**WHAT THE EXERCISE ASKS**
Print the listing exactly, but only as far as the line containing "cannabis USA". The first line and that line are both included.

**MATERIAL FOR THIS TASK**
Segment Open
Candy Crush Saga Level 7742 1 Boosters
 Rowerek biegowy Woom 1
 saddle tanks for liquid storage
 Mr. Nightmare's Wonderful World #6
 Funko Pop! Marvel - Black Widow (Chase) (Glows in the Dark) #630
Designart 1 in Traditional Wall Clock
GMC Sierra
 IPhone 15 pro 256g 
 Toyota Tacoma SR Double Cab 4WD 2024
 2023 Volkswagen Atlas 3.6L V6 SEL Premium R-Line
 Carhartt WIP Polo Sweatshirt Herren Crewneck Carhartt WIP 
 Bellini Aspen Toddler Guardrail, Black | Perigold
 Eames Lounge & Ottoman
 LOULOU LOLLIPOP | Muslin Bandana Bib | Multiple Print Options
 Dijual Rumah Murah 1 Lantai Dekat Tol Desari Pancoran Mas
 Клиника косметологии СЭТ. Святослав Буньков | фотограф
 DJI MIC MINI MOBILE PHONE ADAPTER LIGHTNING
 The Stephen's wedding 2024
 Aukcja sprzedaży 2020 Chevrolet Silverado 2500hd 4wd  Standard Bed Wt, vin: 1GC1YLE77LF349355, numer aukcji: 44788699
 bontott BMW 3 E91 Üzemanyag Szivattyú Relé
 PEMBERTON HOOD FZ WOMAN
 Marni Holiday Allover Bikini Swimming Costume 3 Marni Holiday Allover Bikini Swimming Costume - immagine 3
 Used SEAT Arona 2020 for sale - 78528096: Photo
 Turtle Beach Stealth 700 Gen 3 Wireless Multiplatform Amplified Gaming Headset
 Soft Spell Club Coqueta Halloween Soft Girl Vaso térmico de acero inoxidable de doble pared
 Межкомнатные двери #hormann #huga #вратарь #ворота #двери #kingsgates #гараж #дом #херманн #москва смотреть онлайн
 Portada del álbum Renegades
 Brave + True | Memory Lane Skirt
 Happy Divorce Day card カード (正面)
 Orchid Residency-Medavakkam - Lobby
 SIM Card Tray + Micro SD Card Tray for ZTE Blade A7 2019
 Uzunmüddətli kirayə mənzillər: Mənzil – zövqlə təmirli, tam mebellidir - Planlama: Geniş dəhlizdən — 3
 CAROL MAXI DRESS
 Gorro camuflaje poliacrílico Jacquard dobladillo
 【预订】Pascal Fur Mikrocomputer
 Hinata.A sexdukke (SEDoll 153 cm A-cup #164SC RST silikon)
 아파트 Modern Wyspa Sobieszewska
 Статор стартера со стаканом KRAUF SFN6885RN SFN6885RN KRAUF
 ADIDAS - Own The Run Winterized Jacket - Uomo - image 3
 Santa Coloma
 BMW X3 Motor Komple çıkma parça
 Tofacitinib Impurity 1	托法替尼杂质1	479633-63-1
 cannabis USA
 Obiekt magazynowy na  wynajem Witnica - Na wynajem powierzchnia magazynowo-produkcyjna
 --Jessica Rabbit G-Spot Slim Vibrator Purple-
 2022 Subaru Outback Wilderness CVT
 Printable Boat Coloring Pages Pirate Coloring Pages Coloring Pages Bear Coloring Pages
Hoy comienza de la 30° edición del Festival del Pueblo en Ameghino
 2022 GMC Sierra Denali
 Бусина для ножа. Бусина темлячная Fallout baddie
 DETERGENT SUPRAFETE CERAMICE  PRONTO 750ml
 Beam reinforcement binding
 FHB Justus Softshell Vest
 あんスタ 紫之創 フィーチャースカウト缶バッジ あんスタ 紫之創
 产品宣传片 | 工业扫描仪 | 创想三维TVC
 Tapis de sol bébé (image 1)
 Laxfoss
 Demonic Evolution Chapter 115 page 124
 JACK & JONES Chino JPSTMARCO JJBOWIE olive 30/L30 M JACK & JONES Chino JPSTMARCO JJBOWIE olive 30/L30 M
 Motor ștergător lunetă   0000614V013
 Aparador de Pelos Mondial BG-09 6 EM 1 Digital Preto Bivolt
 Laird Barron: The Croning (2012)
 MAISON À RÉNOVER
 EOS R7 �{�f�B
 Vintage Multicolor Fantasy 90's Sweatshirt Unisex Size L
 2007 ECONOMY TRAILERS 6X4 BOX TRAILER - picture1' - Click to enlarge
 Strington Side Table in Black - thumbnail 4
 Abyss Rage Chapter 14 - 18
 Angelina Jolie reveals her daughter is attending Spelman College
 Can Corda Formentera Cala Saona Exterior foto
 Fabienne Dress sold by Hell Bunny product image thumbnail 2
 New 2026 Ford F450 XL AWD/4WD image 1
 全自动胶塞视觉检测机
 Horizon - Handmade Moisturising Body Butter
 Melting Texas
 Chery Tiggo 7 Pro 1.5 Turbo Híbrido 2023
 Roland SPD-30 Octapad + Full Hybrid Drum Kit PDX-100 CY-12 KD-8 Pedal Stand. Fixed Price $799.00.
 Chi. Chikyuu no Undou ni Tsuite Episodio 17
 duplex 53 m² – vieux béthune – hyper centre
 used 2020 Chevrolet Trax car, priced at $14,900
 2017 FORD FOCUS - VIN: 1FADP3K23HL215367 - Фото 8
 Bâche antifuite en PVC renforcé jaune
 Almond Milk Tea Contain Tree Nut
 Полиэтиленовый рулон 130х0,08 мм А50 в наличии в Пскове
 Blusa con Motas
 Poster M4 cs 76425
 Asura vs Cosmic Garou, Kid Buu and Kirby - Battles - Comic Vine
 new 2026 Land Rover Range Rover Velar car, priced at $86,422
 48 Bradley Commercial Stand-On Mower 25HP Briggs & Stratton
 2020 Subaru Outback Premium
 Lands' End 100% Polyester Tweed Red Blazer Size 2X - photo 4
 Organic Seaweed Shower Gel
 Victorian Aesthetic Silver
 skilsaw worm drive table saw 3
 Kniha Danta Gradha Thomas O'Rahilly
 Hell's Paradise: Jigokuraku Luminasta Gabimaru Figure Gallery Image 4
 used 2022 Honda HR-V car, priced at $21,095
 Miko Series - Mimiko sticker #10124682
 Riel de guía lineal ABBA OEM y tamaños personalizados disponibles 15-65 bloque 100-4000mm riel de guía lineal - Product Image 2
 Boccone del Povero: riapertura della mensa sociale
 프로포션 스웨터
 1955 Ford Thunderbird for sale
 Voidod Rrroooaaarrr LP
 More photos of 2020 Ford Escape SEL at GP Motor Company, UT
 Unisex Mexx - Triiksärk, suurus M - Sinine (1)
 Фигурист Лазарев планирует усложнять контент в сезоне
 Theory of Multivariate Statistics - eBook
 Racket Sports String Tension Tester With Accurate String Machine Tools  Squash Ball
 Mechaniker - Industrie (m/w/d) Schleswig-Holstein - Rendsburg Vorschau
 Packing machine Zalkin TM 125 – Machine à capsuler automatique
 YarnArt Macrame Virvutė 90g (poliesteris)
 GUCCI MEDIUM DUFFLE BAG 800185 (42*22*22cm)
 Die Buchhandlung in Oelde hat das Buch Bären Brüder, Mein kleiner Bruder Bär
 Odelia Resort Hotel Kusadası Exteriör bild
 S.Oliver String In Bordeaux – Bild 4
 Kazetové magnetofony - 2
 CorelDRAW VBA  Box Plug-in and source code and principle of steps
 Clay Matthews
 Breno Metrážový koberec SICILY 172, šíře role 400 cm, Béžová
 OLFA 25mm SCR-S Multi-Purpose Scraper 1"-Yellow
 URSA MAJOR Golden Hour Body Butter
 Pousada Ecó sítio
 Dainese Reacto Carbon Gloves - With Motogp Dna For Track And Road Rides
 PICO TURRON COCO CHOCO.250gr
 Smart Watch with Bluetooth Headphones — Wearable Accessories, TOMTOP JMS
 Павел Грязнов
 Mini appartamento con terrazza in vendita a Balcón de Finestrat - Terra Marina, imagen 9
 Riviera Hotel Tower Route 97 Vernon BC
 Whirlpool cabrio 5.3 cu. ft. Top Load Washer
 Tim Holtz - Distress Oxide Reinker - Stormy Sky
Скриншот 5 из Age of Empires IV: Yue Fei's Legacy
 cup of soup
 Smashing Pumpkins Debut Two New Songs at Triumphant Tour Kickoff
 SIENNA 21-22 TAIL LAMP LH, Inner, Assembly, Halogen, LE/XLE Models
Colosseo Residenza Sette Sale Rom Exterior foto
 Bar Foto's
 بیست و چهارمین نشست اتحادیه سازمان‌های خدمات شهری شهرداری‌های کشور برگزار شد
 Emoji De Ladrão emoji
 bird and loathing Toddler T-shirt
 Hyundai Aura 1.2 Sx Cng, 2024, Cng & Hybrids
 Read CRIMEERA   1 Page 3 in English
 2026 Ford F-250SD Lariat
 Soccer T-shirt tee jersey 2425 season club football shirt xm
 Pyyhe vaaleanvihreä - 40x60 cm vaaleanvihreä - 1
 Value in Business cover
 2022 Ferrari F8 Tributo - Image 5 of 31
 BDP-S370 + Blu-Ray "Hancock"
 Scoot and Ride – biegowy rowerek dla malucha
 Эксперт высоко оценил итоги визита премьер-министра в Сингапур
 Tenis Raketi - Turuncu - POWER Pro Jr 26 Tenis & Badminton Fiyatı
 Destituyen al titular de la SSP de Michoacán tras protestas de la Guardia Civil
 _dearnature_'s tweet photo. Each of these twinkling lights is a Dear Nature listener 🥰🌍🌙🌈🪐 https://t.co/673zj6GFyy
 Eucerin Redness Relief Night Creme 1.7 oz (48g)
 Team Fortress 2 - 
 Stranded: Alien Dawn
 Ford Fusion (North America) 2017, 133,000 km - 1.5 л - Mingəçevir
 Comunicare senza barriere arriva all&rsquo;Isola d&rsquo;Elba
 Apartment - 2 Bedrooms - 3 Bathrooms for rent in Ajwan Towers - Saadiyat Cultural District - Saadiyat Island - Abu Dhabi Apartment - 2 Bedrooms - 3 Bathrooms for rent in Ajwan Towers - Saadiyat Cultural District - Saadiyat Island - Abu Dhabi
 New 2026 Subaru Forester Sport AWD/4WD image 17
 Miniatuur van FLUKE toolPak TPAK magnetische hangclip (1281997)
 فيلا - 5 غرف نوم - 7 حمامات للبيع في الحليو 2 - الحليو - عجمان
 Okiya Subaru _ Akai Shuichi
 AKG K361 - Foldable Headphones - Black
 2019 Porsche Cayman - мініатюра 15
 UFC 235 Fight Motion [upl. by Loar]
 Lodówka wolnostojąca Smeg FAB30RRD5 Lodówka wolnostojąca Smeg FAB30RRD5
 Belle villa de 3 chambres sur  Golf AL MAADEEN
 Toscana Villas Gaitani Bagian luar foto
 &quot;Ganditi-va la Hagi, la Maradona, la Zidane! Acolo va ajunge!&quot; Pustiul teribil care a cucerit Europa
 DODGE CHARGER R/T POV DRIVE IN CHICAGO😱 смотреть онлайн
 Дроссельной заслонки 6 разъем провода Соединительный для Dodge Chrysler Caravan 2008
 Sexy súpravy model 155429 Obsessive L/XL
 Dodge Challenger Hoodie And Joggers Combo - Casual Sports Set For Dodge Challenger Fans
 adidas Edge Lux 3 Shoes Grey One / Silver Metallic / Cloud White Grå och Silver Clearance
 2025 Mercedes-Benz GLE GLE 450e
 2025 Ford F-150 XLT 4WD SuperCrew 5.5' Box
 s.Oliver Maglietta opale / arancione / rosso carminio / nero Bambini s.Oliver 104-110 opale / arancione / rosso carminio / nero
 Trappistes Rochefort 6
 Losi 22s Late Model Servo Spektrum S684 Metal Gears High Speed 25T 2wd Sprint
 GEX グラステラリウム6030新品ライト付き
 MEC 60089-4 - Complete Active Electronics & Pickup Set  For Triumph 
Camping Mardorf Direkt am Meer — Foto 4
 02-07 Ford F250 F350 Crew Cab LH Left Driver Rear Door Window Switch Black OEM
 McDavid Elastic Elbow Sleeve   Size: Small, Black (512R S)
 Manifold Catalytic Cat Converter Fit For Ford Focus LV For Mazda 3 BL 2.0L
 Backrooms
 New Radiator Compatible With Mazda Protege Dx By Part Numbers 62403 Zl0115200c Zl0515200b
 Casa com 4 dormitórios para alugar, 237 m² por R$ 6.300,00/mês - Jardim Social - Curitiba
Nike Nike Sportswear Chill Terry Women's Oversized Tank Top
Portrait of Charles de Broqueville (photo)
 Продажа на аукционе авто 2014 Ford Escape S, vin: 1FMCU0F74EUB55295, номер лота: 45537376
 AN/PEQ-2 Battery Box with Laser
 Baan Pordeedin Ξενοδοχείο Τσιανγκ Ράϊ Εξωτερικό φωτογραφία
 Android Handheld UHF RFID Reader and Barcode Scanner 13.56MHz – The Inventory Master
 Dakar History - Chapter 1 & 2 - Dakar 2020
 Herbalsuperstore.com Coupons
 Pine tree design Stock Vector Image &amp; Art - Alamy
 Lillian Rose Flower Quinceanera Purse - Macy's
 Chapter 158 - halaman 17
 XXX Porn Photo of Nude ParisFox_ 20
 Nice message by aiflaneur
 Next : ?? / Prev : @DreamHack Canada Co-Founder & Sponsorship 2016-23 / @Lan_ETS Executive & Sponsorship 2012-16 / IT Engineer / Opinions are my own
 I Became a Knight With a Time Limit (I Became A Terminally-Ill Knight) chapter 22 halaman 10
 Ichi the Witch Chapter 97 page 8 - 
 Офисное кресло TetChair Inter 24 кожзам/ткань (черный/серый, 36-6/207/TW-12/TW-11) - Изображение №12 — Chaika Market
Segment Closed
**RESPONSE TO THE TASK**
Candy Crush Saga Level 7742 1 Boosters
 Rowerek biegowy Woom 1
 saddle tanks for liquid storage
 Mr. Nightmare's Wonderful World #6
 Funko Pop! Marvel - Black Widow (Chase) (Glows in the Dark) #630
Designart 1 in Traditional Wall Clock
GMC Sierra
 IPhone 15 pro 256g 
 Toyota Tacoma SR Double Cab 4WD 2024
 2023 Volkswagen Atlas 3.6L V6 SEL Premium R-Line
 Carhartt WIP Polo Sweatshirt Herren Crewneck Carhartt WIP 
 Bellini Aspen Toddler Guardrail, Black | Perigold
 Eames Lounge & Ottoman
 LOULOU LOLLIPOP | Muslin Bandana Bib | Multiple Print Options
 Dijual Rumah Murah 1 Lantai Dekat Tol Desari Pancoran Mas
 Клиника косметологии СЭТ. Святослав Буньков | фотограф
 DJI MIC MINI MOBILE PHONE ADAPTER LIGHTNING
 The Stephen's wedding 2024
 Aukcja sprzedaży 2020 Chevrolet Silverado 2500hd 4wd  Standard Bed Wt, vin: 1GC1YLE77LF349355, numer aukcji: 44788699
 bontott BMW 3 E91 Üzemanyag Szivattyú Relé
 PEMBERTON HOOD FZ WOMAN
 Marni Holiday Allover Bikini Swimming Costume 3 Marni Holiday Allover Bikini Swimming Costume - immagine 3
 Used SEAT Arona 2020 for sale - 78528096: Photo
 Turtle Beach Stealth 700 Gen 3 Wireless Multiplatform Amplified Gaming Headset
 Soft Spell Club Coqueta Halloween Soft Girl Vaso térmico de acero inoxidable de doble pared
 Межкомнатные двери #hormann #huga #вратарь #ворота #двери #kingsgates #гараж #дом #херманн #москва смотреть онлайн
 Portada del álbum Renegades
 Brave + True | Memory Lane Skirt
 Happy Divorce Day card カード (正面)
 Orchid Residency-Medavakkam - Lobby
 SIM Card Tray + Micro SD Card Tray for ZTE Blade A7 2019
 Uzunmüddətli kirayə mənzillər: Mənzil – zövqlə təmirli, tam mebellidir - Planlama: Geniş dəhlizdən — 3
 CAROL MAXI DRESS
 Gorro camuflaje poliacrílico Jacquard dobladillo
 【预订】Pascal Fur Mikrocomputer
 Hinata.A sexdukke (SEDoll 153 cm A-cup #164SC RST silikon)
 아파트 Modern Wyspa Sobieszewska
 Статор стартера со стаканом KRAUF SFN6885RN SFN6885RN KRAUF
 ADIDAS - Own The Run Winterized Jacket - Uomo - image 3
 Santa Coloma
 BMW X3 Motor Komple çıkma parça
 Tofacitinib Impurity 1	托法替尼杂质1	479633-63-1
 cannabis USA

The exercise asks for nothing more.